Я утверждаю, что в конечном счете наша деятельность (в т.ч., и политическая) такова, каковы наши понятия. В этом смысле испокон веку зафиксированная в языке, но характерная для советского периода истории “работа без понятия”, т.е. без учета культурного опыта была особенно яркой иллюстрацией сформулированного тезиса. Дурацкая работа по “строительству социализма” уничтожила общество, породила нежизнеспособные политическую и хозяйственную системы, стоившие жизни и исковеркавшие жизнь десяткам миллионов людей; системы, по сию пору мешающие России выбраться из отрытого для строительства коммунизма “котлована”. В связи с этим в первую голову надо обсуждать понятия политики и политического, без которых никакой культуросообразной политики нет и не может быть.

Политика и “политическое”

Мой первый тезис по этому поводу состоит в том, что политическое пространство (то самое пространство наших возможностей, о котором шла речь вначале и где обретаются “направления “, “пути – дороги” и ориентиры) многомерно. Отдельные “измерения” этого пространства могут задаваться бинарными оппозициями [10]. Сообразно ценностным ориентациям политических субъектов и складывающейся ситуации на первый план выходят те или иные из этих измерений,  но даже и центрируясь на одном из них, недопустимо забывать  о других (ср. выше мысль В. Гавела).

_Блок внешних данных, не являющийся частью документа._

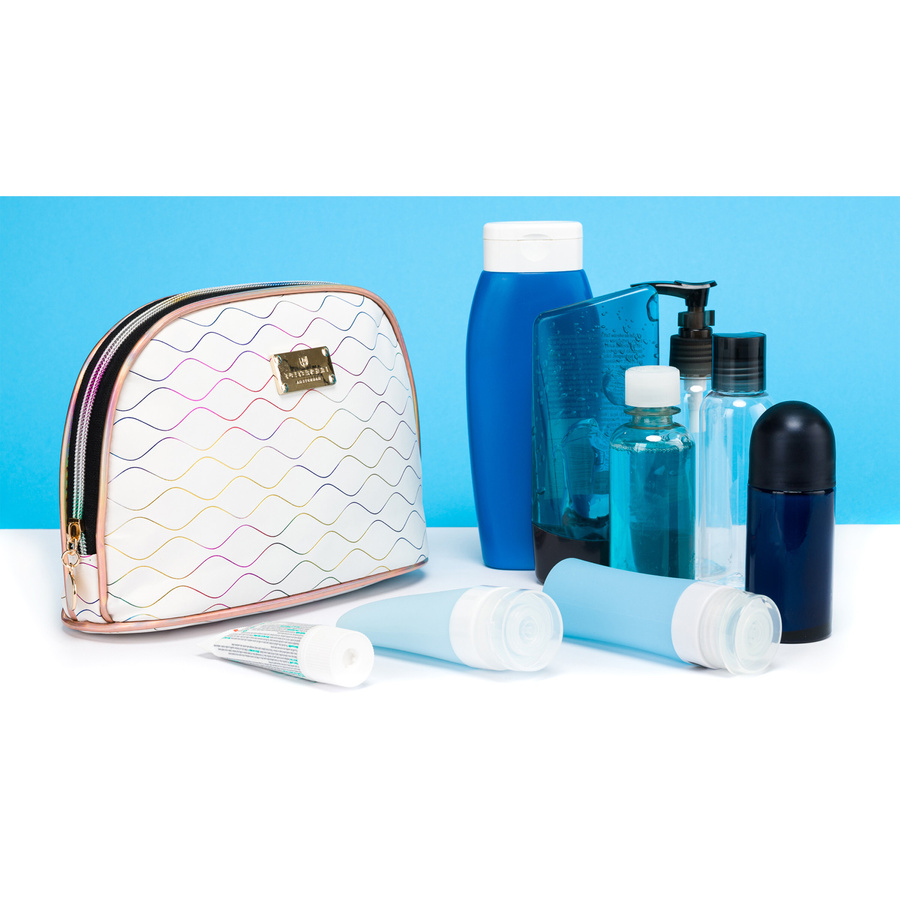 Kleine Damen Kosmetiktasche für Accessoires – Peterson – Bild 3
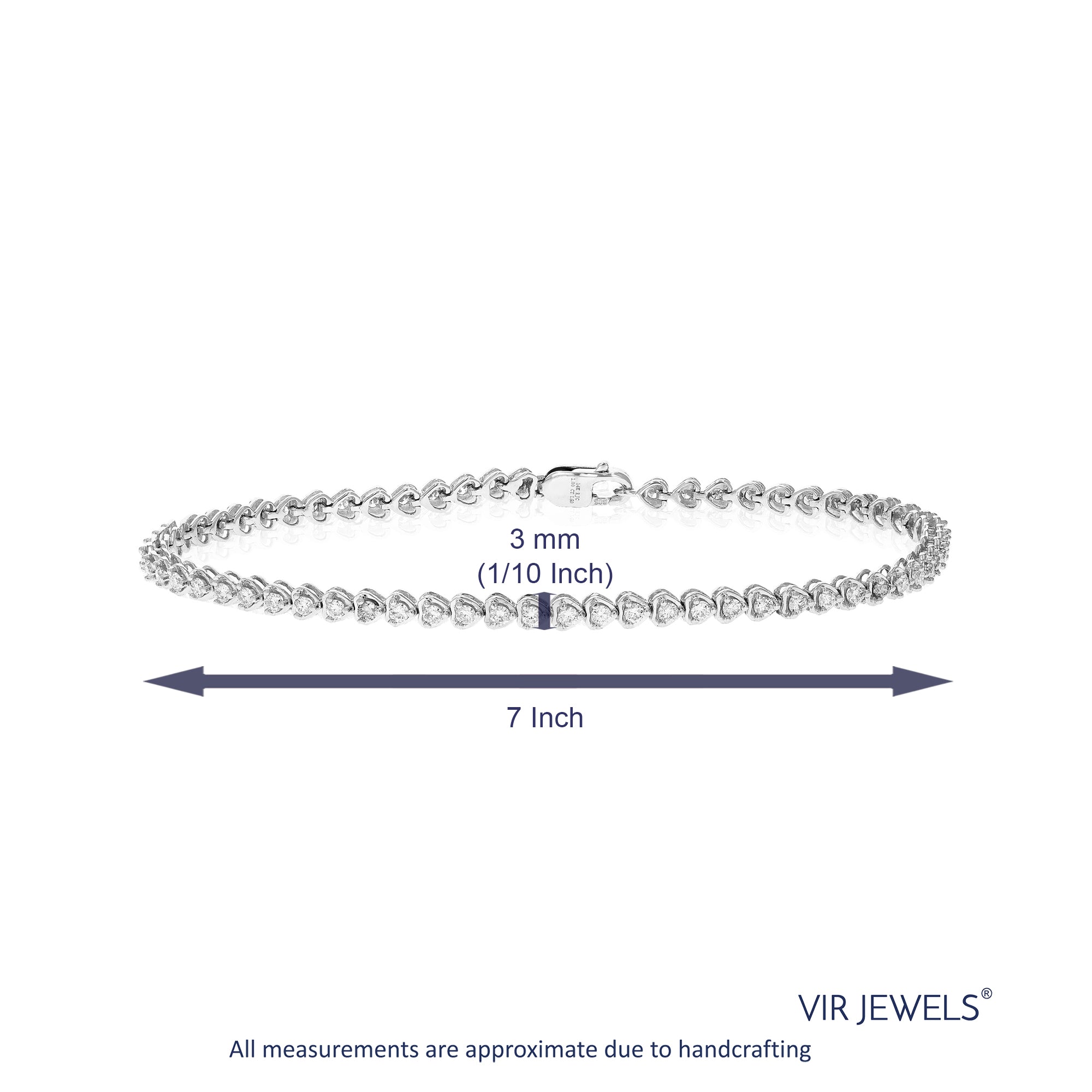 H.Samuel - Gift alert! For a Christmas style perfect for stacking, discover  our Sterling Silver Stone Set Tennis Bracelet, as seen on ITV's 'How To  Spend It Well At Christmas with Phillip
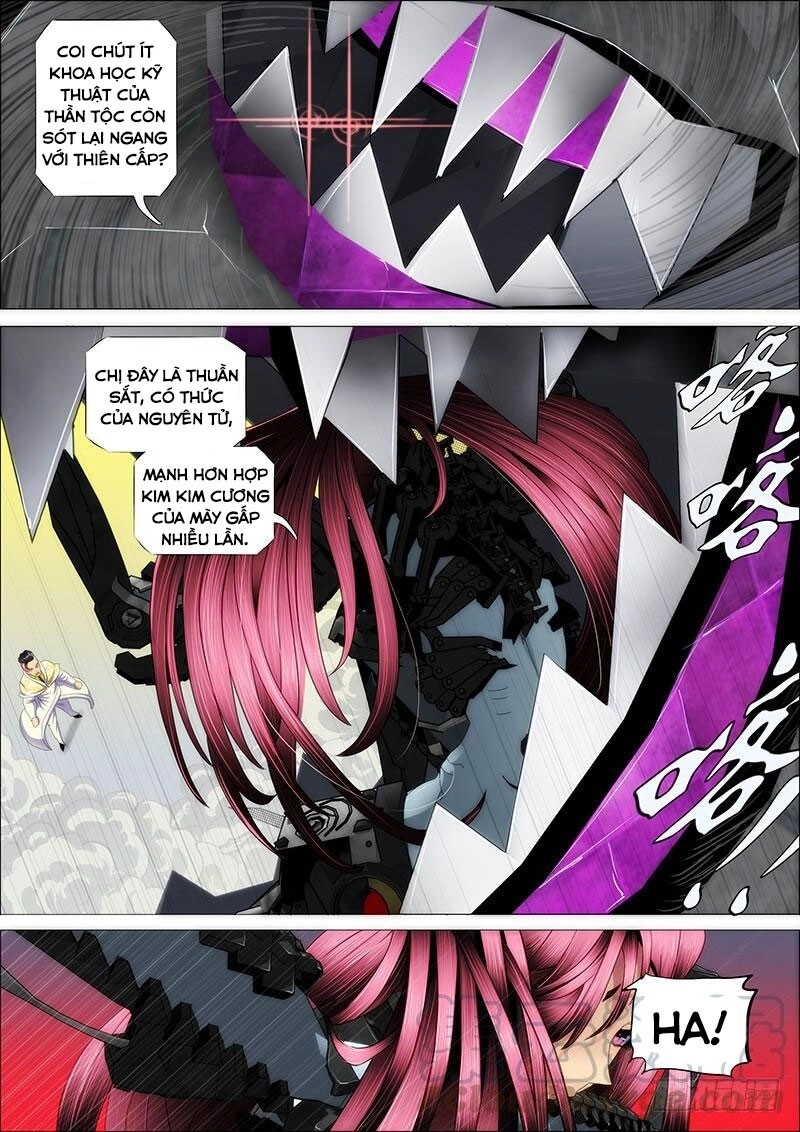 Iron Ladies Chapter 159 - 1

В данном контексте важнейшим оказывается измерение, задаваемое оппозицией пути и дороги, или открытого и закрытого общественного устройства, охарактеризованное выше. Конкретизируясь в различных формах организации социума, обретая в коммуникации ту или иную онтологию, эта оппозиция прослеживается так или иначе на протяжении всей истории человеческого рода. Достаточно вспомнить Афины и Спарту, средневековую Испанию и Испанию после Фердинанда и Изабеллы, Московию Ивана Грозного и Новгород Великий.

Второе измерение пространства политического самоопределения (имеющее такую же длинную историю) ортогонально к первому и задается в современных понятиях оппозицией либерализма и социал-демократии. Выбор позиции в этом спектре слабо связан с выбором открытого или закрытого общественного устройства. Примеры США и Швеции (“шведская модель”)  в открытом обществе, фашизма и социализма советского образца в закрытом – иллюстрируют возникающие здесь возможности и перспективы.*

*Понятно вместе с тем, что идеи социал-демократии и либерализма в закрытом обществе, с точки зрения сторонников открытого, редуцируются и искажаются: в СССР не было демократии, а в фашистских государствах либерализм существовал только в экономике и только для арийцев.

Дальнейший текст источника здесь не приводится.